◆ Task input
- - -

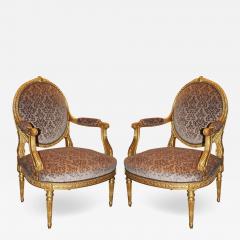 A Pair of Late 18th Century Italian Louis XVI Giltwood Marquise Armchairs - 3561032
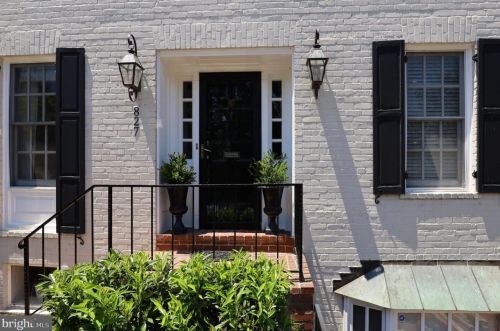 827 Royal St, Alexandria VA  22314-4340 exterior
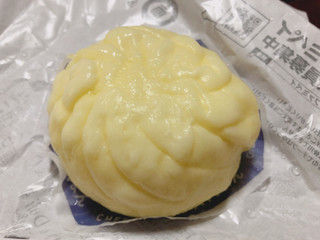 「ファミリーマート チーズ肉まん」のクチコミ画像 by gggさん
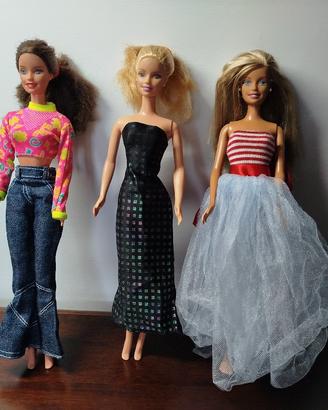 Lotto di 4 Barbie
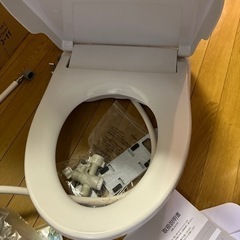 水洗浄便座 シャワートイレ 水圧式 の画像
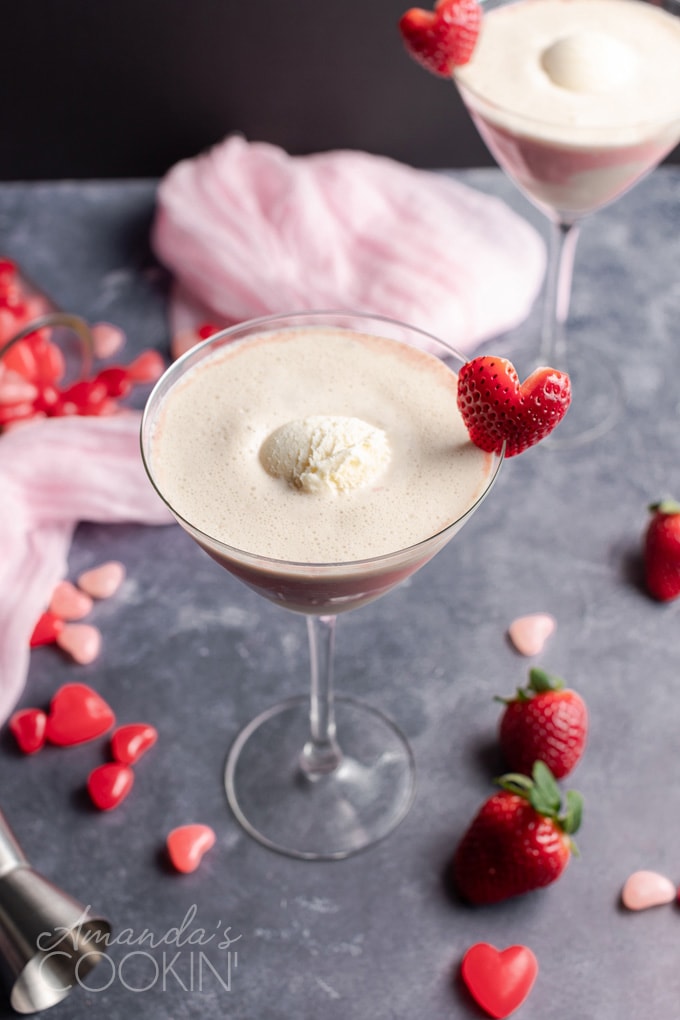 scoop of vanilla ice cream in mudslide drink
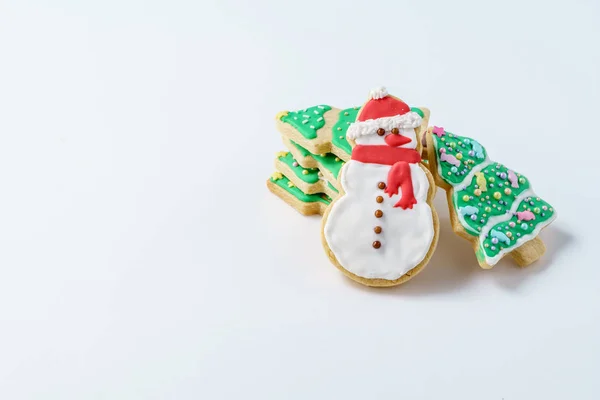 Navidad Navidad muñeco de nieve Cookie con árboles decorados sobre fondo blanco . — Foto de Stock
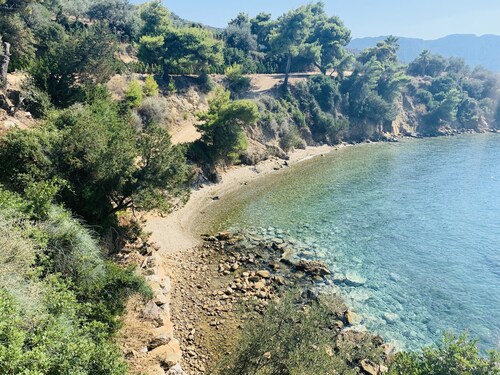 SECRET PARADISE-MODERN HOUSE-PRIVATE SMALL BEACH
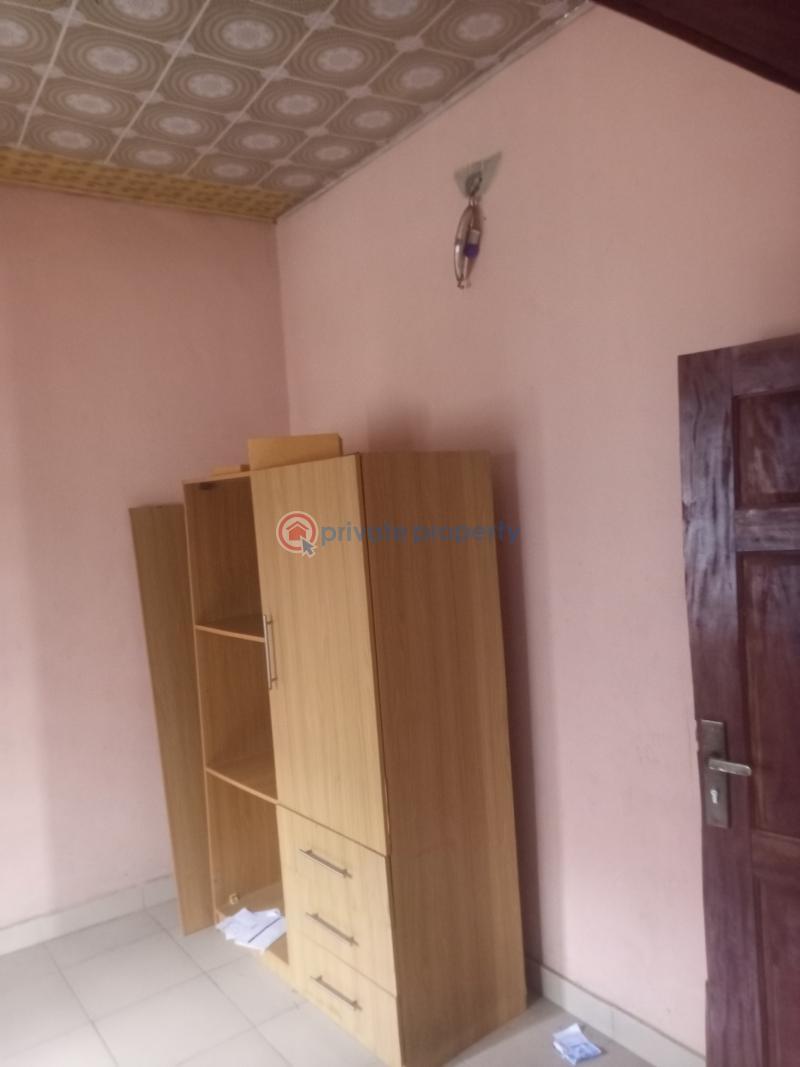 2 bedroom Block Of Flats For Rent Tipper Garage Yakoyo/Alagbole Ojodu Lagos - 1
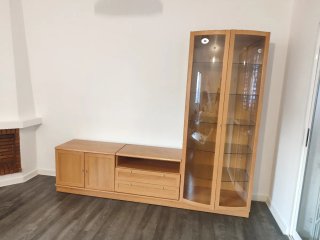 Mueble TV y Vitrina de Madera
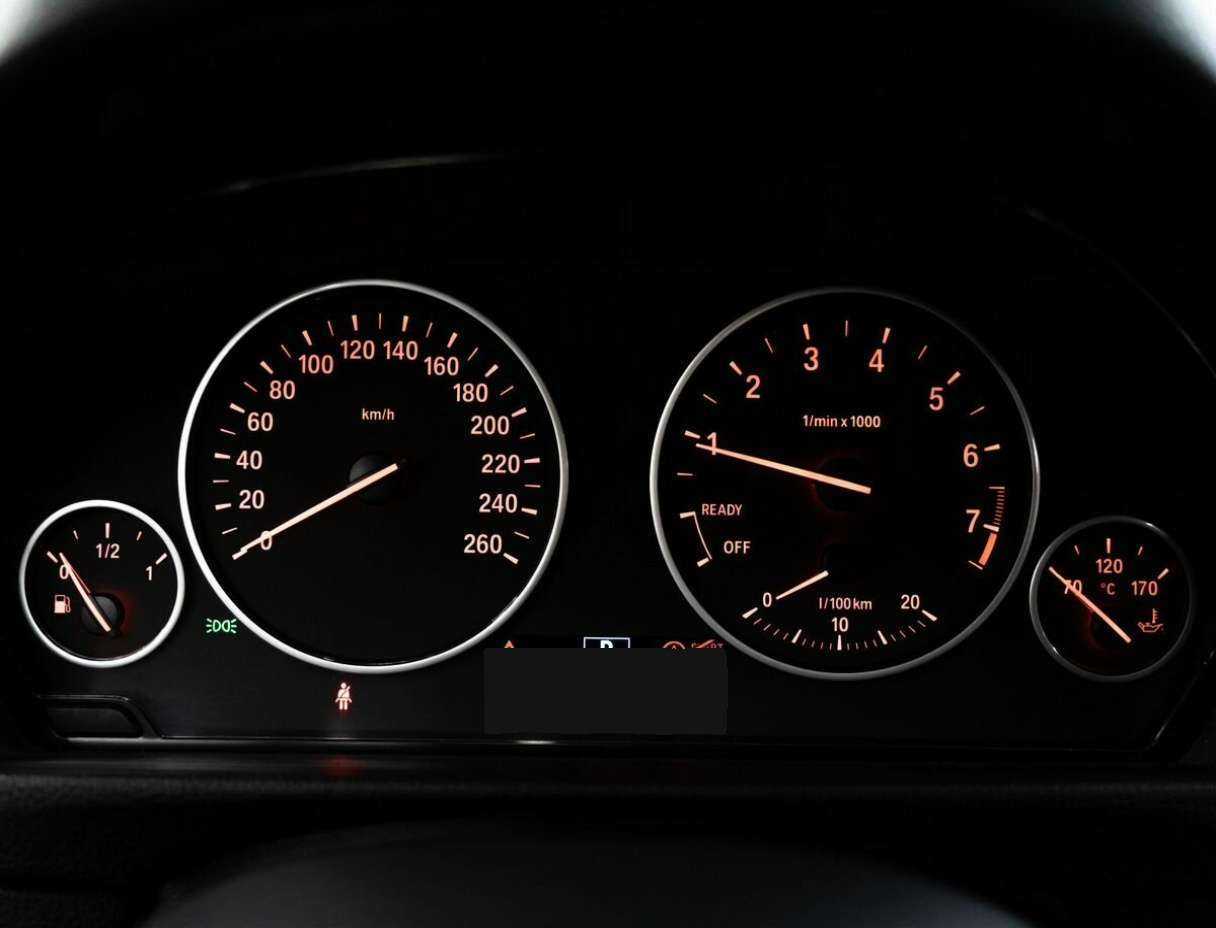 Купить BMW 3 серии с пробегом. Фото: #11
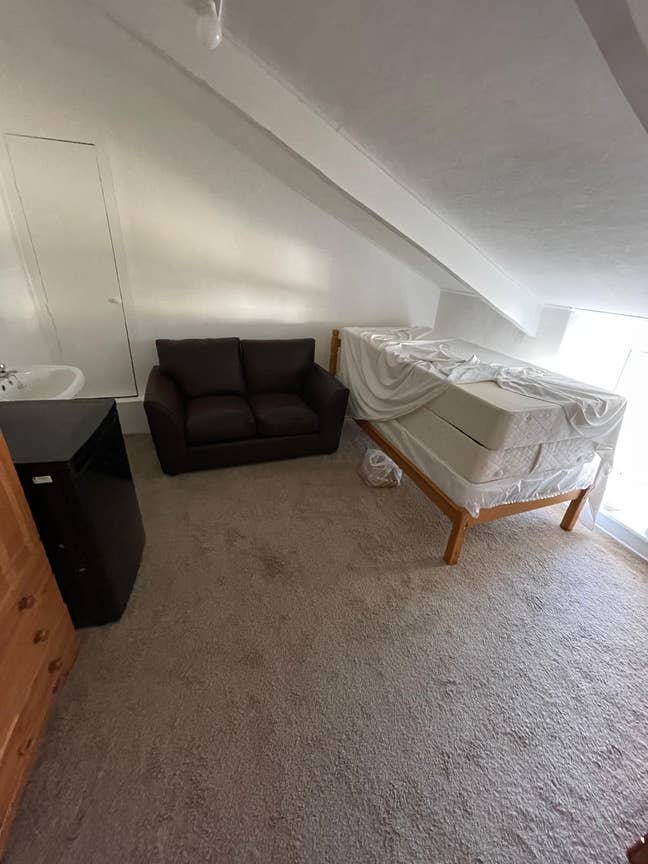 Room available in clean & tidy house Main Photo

- - -

◆ What you should do
Give back all of the entries verbatim, but without pictures.

◆ Exercise answer
 A Pair of Late 18th Century Italian Louis XVI Giltwood Marquise Armchairs - 3561032
 827 Royal St, Alexandria VA  22314-4340 exterior
 「ファミリーマート チーズ肉まん」のクチコミ画像 by gggさん
 Lotto di 4 Barbie
 水洗浄便座 シャワートイレ 水圧式 の画像
 scoop of vanilla ice cream in mudslide drink
 Navidad Navidad muñeco de nieve Cookie con árboles decorados sobre fondo blanco . — Foto de Stock
 SECRET PARADISE-MODERN HOUSE-PRIVATE SMALL BEACH
 2 bedroom Block Of Flats For Rent Tipper Garage Yakoyo/Alagbole Ojodu Lagos - 1
 Mueble TV y Vitrina de Madera
 Купить BMW 3 серии с пробегом. Фото: #11
 Room available in clean & tidy house Main Photo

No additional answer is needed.